Aklında bunlar varken alnından damlayan terlerle beraber kalabalık otobüste yol alıyordu. Otobüste yer bulup oturabilmiş olması ve tüm camların açık olması nedeniyle terlemesi durmuş, biraz biraz kendine gelmişti. Yol tahmin ettiğindende çabuk geçmişti. Neredeyse hiç zaman geçmemiş gibi geldi belki serinlemenin etkisiyle belkide aklının başka yerlerde olması nedeniyle..

İnsanların inmesini bekleyip sırası gelince oda otobüsten indi.

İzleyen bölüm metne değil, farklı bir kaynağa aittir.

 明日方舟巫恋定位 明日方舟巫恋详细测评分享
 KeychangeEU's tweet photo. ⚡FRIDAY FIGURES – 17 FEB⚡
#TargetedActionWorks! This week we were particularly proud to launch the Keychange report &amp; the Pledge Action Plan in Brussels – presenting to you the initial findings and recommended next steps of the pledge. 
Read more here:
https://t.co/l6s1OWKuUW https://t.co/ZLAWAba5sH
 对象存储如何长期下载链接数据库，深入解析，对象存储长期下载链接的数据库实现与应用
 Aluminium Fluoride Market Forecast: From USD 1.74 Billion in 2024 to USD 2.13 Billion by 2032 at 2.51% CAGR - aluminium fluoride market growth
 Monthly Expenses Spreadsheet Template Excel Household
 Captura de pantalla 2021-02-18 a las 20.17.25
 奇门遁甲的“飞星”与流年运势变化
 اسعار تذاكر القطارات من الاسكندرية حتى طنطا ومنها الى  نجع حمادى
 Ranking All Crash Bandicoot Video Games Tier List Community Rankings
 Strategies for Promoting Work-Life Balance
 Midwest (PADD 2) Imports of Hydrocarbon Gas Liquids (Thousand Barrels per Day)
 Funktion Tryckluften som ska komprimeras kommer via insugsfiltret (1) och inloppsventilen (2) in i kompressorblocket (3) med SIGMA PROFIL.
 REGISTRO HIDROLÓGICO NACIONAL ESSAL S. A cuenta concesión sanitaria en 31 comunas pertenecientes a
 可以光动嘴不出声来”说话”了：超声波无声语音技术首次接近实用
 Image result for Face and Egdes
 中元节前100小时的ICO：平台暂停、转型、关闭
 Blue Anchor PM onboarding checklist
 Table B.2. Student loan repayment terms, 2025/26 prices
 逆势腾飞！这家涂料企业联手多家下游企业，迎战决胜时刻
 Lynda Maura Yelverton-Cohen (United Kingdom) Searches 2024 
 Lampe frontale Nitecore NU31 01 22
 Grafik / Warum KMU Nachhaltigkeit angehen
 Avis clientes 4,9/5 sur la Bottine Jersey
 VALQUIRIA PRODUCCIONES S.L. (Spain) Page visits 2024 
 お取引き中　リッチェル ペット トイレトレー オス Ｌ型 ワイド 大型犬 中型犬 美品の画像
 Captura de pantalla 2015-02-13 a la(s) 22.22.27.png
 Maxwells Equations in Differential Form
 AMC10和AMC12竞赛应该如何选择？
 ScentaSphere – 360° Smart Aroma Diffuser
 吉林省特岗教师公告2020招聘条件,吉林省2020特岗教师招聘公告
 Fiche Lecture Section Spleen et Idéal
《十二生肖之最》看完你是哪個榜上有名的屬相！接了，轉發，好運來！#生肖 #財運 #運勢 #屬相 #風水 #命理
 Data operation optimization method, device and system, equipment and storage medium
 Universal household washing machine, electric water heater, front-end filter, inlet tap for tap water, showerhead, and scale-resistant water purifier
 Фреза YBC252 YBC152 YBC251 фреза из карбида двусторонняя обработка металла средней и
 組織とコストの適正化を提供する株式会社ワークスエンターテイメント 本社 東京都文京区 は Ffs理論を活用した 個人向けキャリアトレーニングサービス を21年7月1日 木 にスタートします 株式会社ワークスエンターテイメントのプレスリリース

Saatine baktı. Tıpkı tahmin ettiği gibi daha zamanı vardı. İner inmez iyot kokulu rüzgarında etkisiyle kendisini sabahtan beri ilk kez bu kadar enerjik hissetti. Sağını soluna baktı. Etraf bir hayli kalabalıktı. Kalabalık hep onu boğacak gibi olurdu. O nedenle hem daha gölge ve serin olan hemde daha boş gözüken iskelenin içine doğru gitmeye karar verdi.

Tam iskele yolu üzerinde yine bedava gazete dağıtanlar vardı. Vapuru beklerken bir şeyleri okumak hiçte fena bir fikir gibi görünmedi ona. Ama nasıl bir şey seçmeliydi okumak için. Tam o sırada ileriden gelen bir ses dikkatini çekti. Satıcılardan biri avaz avaz "gençler için gazete, gençliğin yeni tercihleri hakkında her şey burda" diye bağırarak elinde gazeteyi dağıtıyordu.

Sıkıcı günlük gazetelerdense böyle bir şey okumak şu sıcak sabahta daha güzel gelecekti muhtemelen ona. Aklında bu düşünce ile kararlı adımlarla gazeteciye doğru ilerledi. Dergiden daha geniş ama bildiğimiz gazete kağıdı kalitesinde bir kağıda basılmış 8-10 sayfalık bir şeydi. Eline aldığında doğru seçim yaptığını hissetmeye başlamıştı bile.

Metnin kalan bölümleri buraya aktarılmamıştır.